Yeah, right. When pigs fly. Provincial governments should get out of gambling, the Institute of Marriage and Family Canada said last week.
What government worth the name gives up truckloads of easy cash?
Actually, Nova Scotia just did. It rejected getting into online gambling. Newfoundland did, too.
Nova Scotia's finance minister, Graham Steele, originally endorsed the idea. Like Ontario, his province faces a big deficit.
Then he read the research.
"The thing that struck me," he told The Globe and Mail, "was the idea that if we participated in online gambling, we would get people into gambling who otherwise wouldn't."
It was "the right thing to do," he said.
Wow. I'm dumbfounded. A government willing to give up gambling riches to do the right thing.
Newfoundland Premier Danny Williams, whose province also originally supported online gambling and also faces a big deficit, now says he opposes it, too. He acknowledged the argument for it: People are going to gamble online anyway. Why not get a piece of it? Then he said no.
"That may be the case," he told the media, "but I don't think we should promote it. I know personally of the stories of hardship, of financial ruin, of death, and it hits very hard."
Newfoundland doesn't have to "scratch and claw" for every penny, he said.
But, apparently, Ontario does.
This is the province of Premier Dad, the "family values" premier who will take away your car if you have .05 blood alcohol even though the legal limit is .08, where cellphones are banned while driving and junk food has been taken out of schools.
Yet we're going to sponsor online gambling.
Apparently, it's possible to suck and blow at the same time.
With the province's budget deficit at $19.7 billion and the Ontario Lottery and Gaming Corporation's profit falling, the government had to act, Finance Minister Dwight Duncan said in announcing online gambling late last summer. The government needs the money, and it needs the OLG to be able to compete to get that money.
It doesn't get more crass than that. And some experts question whether the government can even compete with the more than 2,000 sites already operating from other countries. The market is reported to be saturated, and the existing sites well-established, with fewer regulations, lower fees and more lucrative incentives.
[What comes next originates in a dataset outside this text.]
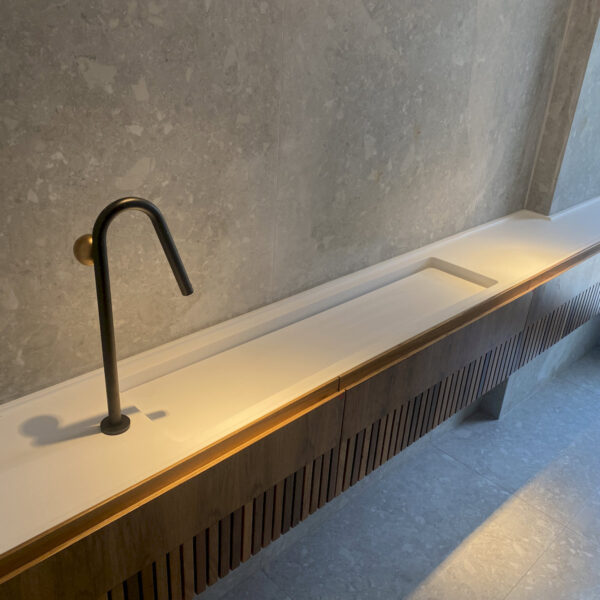 Portifolio banheiros galeria superficie processador premium corian 19 600x600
If the government can't lure existing online gamblers to its site, where will it get customers?
The worry is that it will attract people who have never gambled online because they'll think that a site sponsored by the government is safer and more acceptable.
The government says it will provide a more responsible site. But there are plenty of examples of the government already failing to protect people in its casinos.
Gambling addicts register to have themselves excluded from casinos and then walk back in. And after these new online gamblers get hooked, they'll probably try other sites.
Other countries that got into online gambling for the same reasons as Ontario now have the highest rates of online gambling in the world and a lot more problems related to it.
All that really matters in gambling is making more money, and the only way to do that is to get more people to gamble, get them to do it more often and get them to bet more money.
And online gambling is great at doing all that. It's easy. All you need is a computer. You never have to leave the comfort of your home (unless you lose it because of gambling debts). No one has to know that you're doing it way too much because no one sees you.
Unfortunately, young people gamble online the most. They spend more time and more money doing it.
And gambling problems are three to four times higher among those who do it online than those who go to casinos.
It's not called the crack cocaine of gambling for nothing.
Families with lower incomes spend more money gambling as a percentage of income than those with higher incomes, according to the report by the Institute of Marriage and Family. Gambling increases during hard economic times, too.
Canadians spent more on gambling in 2009, the height of the recession.
And one-third of the revenue the government receives from gambling comes from five per cent of gamblers -- the ones with the problems.
Online gambling may be booming, but is this how the government wants to make money?